What the exercise asks:
Only the pictures are to be left out; please reproduce everything else in the data exactly.

Records for this task:
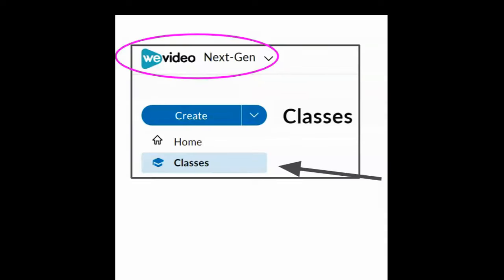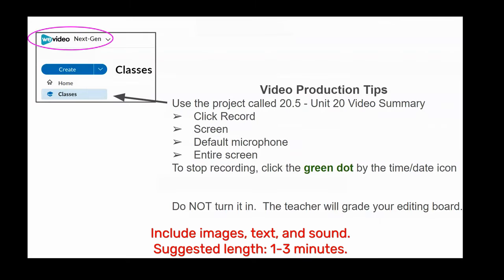For this video, you'll go to the WeVideo classes section, find your class, and open up the project. To create a video, remember how to click record and choose the screen recording. Use the default mic, choose the entire screen, and then when you are done recording, click the green dot by the time and date icon and you'll be able to stop your recording.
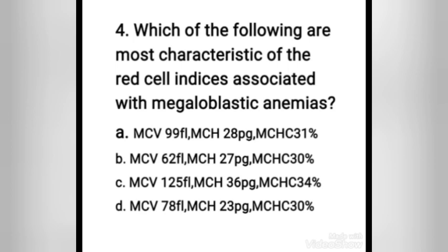Next question: which of the following are most characteristic of the red cell indices associated with megaloblastic anemias? Options include: A) MCV 99 fL, MCH 28 pg, MCHC 31%; B) MCV 62 fL, MCH 27 pg, MCHC 30%; C) MCV 125 fL, MCH 36 pg, MCHC 34%. The right answer is option C. Red cell indices in megaloblastic anemia are macrocytic and normochromic, with MCV ranging from 100 to 130 fL, so MCV of 125 fL fits option C.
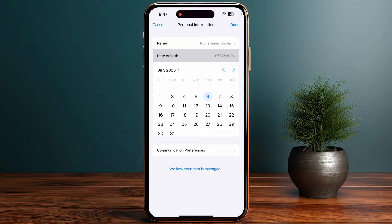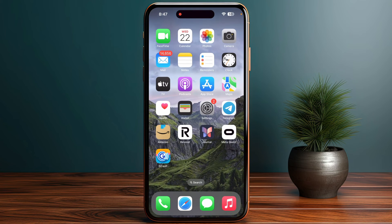Once you are done, you need to follow the on-screen instructions to send an email request to your family organizer. This is because if you need to change the birth date for someone below age 13, you must be a member of a Family Sharing group and your family organizer must approve the change.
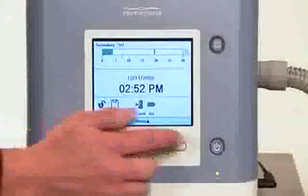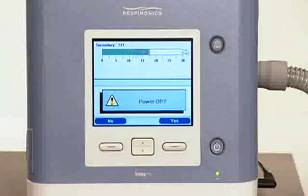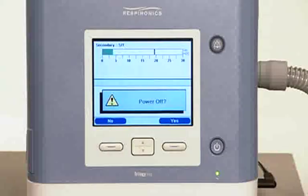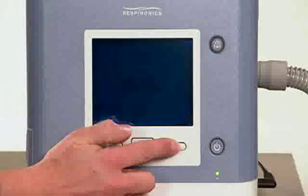To end therapy, press the start-stop button on the front of the device. You will hear a short tone. The display screen will pose a question: power off? Press the right button to answer yes. Both the back lights and the display screen will turn off.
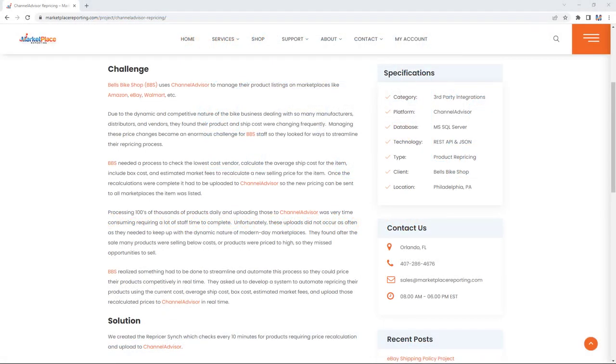Let's review the ChannelAdvisor repricing project. The challenge: Bell's Bike Shop uses ChannelAdvisor to manage their product listings on marketplaces like Amazon, eBay, and Walmart. Due to the dynamic and competitive nature of the bike business, dealing with so many manufacturers, distributors, and vendors, they found their product and ship costs were changing frequently. Managing these price changes became an enormous challenge for Bell's Bike Shop staff, so they looked for ways to streamline their repricing process.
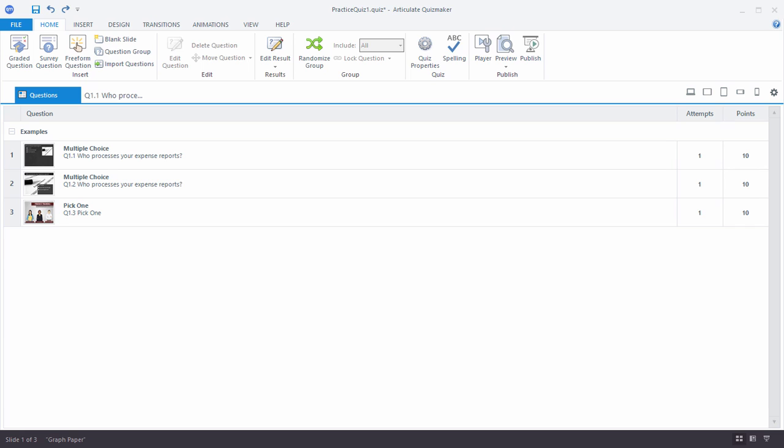In this tutorial we're going to learn how to create our first quiz question in Articulate Quizmaker 360. And then in the subsequent tutorials we're going to learn how to customize the quiz questions using Slide View and then create custom quiz questions using the freeform question tool.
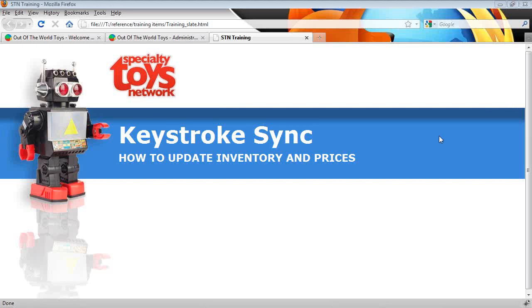Hello. Today we're going to be doing a training session on how to use keystroke point of sale system to synchronize your inventory and pricing. So let's jump right into it.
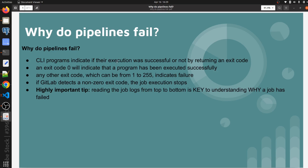CLI programs indicate if their execution was successful or not by returning an exit code. An exit code of 0 indicates that a program has been executed successfully. Any other exit code, which can be from 1 to 255, indicates failure. If GitLab detects a non-zero exit code, the job execution will stop. A highly important tip: reading the job log from top to bottom is the key to understand why a job has failed.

Expected output:
For this video, you'll go to the WeVideo classes section, find your class, and open up the project. To create a video, remember how to click record and choose the screen recording. Use the default mic, choose the entire screen, and then when you are done recording, click the green dot by the time and date icon and you'll be able to stop your recording.
Next question: which of the following are most characteristic of the red cell indices associated with megaloblastic anemias? Options include: A) MCV 99 fL, MCH 28 pg, MCHC 31%; B) MCV 62 fL, MCH 27 pg, MCHC 30%; C) MCV 125 fL, MCH 36 pg, MCHC 34%. The right answer is option C. Red cell indices in megaloblastic anemia are macrocytic and normochromic, with MCV ranging from 100 to 130 fL, so MCV of 125 fL fits option C.
Once you are done, you need to follow the on-screen instructions to send an email request to your family organizer. This is because if you need to change the birth date for someone below age 13, you must be a member of a Family Sharing group and your family organizer must approve the change.
To end therapy, press the start-stop button on the front of the device. You will hear a short tone. The display screen will pose a question: power off? Press the right button to answer yes. Both the back lights and the display screen will turn off.
Let's review the ChannelAdvisor repricing project. The challenge: Bell's Bike Shop uses ChannelAdvisor to manage their product listings on marketplaces like Amazon, eBay, and Walmart. Due to the dynamic and competitive nature of the bike business, dealing with so many manufacturers, distributors, and vendors, they found their product and ship costs were changing frequently. Managing these price changes became an enormous challenge for Bell's Bike Shop staff, so they looked for ways to streamline their repricing process.
In this tutorial we're going to learn how to create our first quiz question in Articulate Quizmaker 360. And then in the subsequent tutorials we're going to learn how to customize the quiz questions using Slide View and then create custom quiz questions using the freeform question tool.
Hello. Today we're going to be doing a training session on how to use keystroke point of sale system to synchronize your inventory and pricing. So let's jump right into it.
CLI programs indicate if their execution was successful or not by returning an exit code. An exit code of 0 indicates that a program has been executed successfully. Any other exit code, which can be from 1 to 255, indicates failure. If GitLab detects a non-zero exit code, the job execution will stop. A highly important tip: reading the job log from top to bottom is the key to understand why a job has failed.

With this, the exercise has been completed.